「離婚後の共同親権」と東京地裁判決
民法819条
1項 父母が協議上の離婚をするときは、その協議で、その一方を親権者と定めなければならない。
2項 裁判上の離婚の場合には、裁判所は、父母の一方を親権者と定める。
と規定されています。
要するに、父母が離婚した場合、どちらかの親が親権者となる「単独親権」の制度を採用しています。
2021年2月17日、東京地方裁判所において、この819条2項の規定が、親権を行使することができる者と行使することができない者を生む点で、差別的取扱いを定めており、平等原則(憲法14条1項)に違反することなどを主張した裁判の判決がありました。
判決では、このような主張は認められず、請求棄却となりました。
(Google検索などで「令和3年2月17日 判決 親権」と検索すると、判決文や大手メディアの記事が閲覧できますので、詳細はそちらをご参照ください。)
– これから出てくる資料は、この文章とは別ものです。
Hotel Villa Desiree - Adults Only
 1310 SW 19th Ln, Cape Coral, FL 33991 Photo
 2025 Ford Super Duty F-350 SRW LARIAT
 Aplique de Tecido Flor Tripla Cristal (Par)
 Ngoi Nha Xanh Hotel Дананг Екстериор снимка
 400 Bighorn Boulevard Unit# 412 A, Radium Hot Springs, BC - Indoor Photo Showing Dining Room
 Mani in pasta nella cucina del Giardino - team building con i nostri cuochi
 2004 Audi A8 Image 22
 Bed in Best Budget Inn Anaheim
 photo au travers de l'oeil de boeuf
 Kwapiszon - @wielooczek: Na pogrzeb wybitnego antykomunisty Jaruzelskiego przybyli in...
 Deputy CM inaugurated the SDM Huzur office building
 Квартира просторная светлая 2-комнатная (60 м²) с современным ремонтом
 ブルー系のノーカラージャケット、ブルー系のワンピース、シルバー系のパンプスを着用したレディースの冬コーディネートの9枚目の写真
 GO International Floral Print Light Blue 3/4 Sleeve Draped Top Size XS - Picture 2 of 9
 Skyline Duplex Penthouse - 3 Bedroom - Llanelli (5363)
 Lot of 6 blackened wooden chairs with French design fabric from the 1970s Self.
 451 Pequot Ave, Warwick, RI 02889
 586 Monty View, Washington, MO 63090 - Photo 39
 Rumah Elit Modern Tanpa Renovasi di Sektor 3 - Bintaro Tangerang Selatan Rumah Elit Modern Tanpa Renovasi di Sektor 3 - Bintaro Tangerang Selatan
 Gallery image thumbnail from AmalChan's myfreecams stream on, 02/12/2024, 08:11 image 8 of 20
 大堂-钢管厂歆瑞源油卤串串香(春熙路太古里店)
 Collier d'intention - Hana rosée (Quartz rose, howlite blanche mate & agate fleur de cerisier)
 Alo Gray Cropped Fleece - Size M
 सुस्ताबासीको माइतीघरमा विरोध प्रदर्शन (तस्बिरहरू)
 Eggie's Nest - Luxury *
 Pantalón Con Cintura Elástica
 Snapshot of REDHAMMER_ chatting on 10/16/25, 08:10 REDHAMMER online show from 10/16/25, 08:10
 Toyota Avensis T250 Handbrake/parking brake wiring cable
法務省の調査によると、G20含む24か国のうち、20か国で離婚後の親権は父母が共同で行使するという制度が採用されているとのことです。
近時、離婚後の共同親権制度の選択的導入については、国会議員や法務省において本格的な検討に入っているという趣旨の報道もなされていますので、今後、注目すべき社会課題のひとつといえます。
離婚後の親権の問題も含め、家族の法的問題は、個人の尊厳や人生に直結する重要な事柄であると考えます。